You’re probably familiar with the saying “A picture is a
word a thousand words”. For former Golden Gate Fields jockey Tom Chapman, a
picture is worth a thousand emotions.
I came across Tom while building my face book page to
advertise my blog. I wanted to add anybody that has ties to, or is interested
in the bay area racing scene. Tom Chapman popped up as I conducted a search of
I knew of Tom when i was a beginning agent and he was one of
the top jockeys. Despite the difference in our stature, he was always polite as
we passed by each other on the backstretch.
Now an established artist, Tom is conducting a contest on Facebook
to name his latest painting. I knew he had been doing this for some time, as
his artistry has graced the cover of many bay area racing programs. As i looked
at more of his pieces, I grew more impressed with his work.
“I began painting in 1993 as a way to relief the stress of
race riding,” Chapman said. “I was addicted to the adrenaline and was always
trying to get that high on my days off. It keeps me connected to the sport. I
do all kinds of other things but I do love horse racing the most.”
As a racing fan. I first heard of Tom as he carried the
hopes of Golden Gate Fields to the Kentucky Derby back in 1981 on a local horse
named Hoedown’s Day. Although they finished 12th in the 23 horse field, it
wasn‘t often a local pairing made it that far and was exciting nonetheless.

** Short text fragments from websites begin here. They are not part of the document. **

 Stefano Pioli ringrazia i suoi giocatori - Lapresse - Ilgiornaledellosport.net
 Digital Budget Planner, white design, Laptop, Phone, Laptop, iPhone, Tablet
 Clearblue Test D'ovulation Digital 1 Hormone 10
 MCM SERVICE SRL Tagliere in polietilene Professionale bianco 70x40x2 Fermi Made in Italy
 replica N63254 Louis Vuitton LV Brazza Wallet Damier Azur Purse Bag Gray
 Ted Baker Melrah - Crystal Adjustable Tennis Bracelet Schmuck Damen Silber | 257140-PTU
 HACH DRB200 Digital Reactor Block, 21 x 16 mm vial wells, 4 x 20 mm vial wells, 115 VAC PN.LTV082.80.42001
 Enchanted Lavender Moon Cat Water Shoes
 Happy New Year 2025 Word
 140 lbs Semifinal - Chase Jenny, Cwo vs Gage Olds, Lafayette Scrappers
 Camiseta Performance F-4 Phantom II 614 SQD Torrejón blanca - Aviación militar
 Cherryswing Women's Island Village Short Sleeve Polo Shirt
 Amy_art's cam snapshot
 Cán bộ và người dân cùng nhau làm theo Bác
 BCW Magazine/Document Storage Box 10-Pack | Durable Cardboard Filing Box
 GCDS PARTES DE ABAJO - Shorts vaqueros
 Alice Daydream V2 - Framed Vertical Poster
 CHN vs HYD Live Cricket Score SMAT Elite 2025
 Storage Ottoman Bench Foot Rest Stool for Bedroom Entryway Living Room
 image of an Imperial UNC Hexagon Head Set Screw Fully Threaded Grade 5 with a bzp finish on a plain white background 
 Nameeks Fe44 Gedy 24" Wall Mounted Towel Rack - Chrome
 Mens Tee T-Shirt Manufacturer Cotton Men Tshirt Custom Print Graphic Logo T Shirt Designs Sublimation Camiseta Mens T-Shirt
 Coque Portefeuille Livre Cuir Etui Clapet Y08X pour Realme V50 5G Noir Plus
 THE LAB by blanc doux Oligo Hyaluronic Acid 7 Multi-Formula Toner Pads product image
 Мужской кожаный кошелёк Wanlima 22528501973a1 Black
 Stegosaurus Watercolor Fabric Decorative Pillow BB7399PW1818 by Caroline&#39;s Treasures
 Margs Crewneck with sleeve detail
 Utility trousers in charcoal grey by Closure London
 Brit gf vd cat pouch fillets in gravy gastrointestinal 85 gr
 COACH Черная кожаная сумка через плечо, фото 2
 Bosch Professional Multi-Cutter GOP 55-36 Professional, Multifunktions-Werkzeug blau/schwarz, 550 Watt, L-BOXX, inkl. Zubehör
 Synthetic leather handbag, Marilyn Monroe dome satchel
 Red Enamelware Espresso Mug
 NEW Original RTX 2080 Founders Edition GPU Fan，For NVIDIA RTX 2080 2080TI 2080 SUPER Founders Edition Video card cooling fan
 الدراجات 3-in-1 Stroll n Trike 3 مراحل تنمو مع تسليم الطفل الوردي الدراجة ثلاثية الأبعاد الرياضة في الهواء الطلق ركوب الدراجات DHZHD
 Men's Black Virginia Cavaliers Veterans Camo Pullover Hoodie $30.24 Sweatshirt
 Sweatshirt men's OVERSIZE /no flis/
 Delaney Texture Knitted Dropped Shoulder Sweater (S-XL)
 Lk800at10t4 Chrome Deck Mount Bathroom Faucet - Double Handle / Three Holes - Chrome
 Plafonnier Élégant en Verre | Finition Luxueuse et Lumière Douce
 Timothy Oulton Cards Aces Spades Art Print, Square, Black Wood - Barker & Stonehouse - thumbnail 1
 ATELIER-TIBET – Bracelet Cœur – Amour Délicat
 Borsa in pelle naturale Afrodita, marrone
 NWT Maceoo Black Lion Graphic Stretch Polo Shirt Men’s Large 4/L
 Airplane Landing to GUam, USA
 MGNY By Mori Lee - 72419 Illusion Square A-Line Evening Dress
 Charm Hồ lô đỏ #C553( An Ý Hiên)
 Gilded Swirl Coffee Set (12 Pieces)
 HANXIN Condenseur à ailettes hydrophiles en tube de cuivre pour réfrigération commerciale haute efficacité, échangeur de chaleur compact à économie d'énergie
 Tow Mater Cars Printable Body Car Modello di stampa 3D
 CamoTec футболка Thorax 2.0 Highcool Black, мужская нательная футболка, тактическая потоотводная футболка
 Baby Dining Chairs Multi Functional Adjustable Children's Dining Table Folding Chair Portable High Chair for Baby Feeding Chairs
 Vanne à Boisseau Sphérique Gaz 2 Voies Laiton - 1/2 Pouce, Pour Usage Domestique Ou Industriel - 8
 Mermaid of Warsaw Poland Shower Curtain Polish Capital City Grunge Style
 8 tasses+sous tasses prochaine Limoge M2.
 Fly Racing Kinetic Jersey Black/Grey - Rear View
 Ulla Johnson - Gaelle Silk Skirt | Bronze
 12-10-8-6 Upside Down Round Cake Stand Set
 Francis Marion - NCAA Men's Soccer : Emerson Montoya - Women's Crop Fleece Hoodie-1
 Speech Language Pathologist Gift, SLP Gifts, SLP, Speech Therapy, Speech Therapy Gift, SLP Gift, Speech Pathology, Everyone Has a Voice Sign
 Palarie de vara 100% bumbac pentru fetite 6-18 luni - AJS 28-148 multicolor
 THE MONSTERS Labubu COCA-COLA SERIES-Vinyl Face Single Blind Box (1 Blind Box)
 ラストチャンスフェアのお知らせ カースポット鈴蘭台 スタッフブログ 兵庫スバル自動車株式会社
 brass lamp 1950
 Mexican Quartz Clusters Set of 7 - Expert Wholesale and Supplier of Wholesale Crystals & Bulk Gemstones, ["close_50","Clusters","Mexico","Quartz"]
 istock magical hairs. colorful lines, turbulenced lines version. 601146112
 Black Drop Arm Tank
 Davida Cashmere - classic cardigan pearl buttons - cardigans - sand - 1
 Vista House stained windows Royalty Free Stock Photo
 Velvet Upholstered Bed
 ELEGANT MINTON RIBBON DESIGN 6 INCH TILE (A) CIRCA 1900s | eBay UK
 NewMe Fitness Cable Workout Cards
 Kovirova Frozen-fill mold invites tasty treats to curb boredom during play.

Hoedown was only one of his big horses. Chapman was aboard
Sea Cadet for a win in the 1991 El Camino Real Derby, Slew of Damascus when he
won the 1993 Bay Meadows Handicap and his favorite horse all time, Moment to
Buy, on who he won the 1984 Hollywood Oaks.
Over his 19 years riding, “Chappy” as he was affectionately
known, amassed 2,587 wins in over 20, 000 mounts. He won over 100 races 15
times with his best year coming in 1989 when he found the winners circle 248
times. Arguably, the years he rode was the deepest jockey colony that Golden
Gate Fields has seen my time following racing.
But as we all know all good things must come to an end and a
series of events in the mid 1990’s helped Chapman decide that he had rode long
In 1995 he suffered bruised ribs and a sore back from a
spill at Bay Meadows. He hurried back to track to ride one of his big horses,
Slew of Damascus the next weekend. Following a third place finish in that race,
Chapman began to realize his time as a jockey was winding down. As he explains on the “about this artist” page on his
website http://www.chapman-arts.com/about_tom.html, the desire to live and
raise a family over shadowed his career.
"It was 3 months before I could sleep in a bed. I slept
in a reclining chair instead. I got to thinking, . . . "Man, I'm over 40
now, . . . I'm out here taking these spills, and it sure takes a lot longer to
heal than it used to. I don't know if it's worth it anymore."
The clincher came on a Friday night after the races at Bay Meadows.
I came home, and my wife Katherine began telling me about a conversation she'd
had with our 10 year old son earlier that evening. She said about 10:00 p.m. he
had come into our room, and asked her why I hadn't come home yet. She told him
I was riding in the later races, and just hadn't gotten home yet. He actually
asked her if I had died in a crash, and she just didn't want to tell him.
When she told me
that, it brought tears to my eyes. I didn't realize how much he worried about
me being injured, or worse. It just hit me. I decided right then, something was
going to be forever changed. Now, . . . I just needed to figure out
"how" to make that happen. I decided to finish out the meet there at
Bay Meadows, and then I would retire."
So in 1996, Chapman hung up the silks and brought out his
brush full time. What began as a hobby has now become a career and that, along
with a reborn family life, is the greatest victory an athlete can ever have.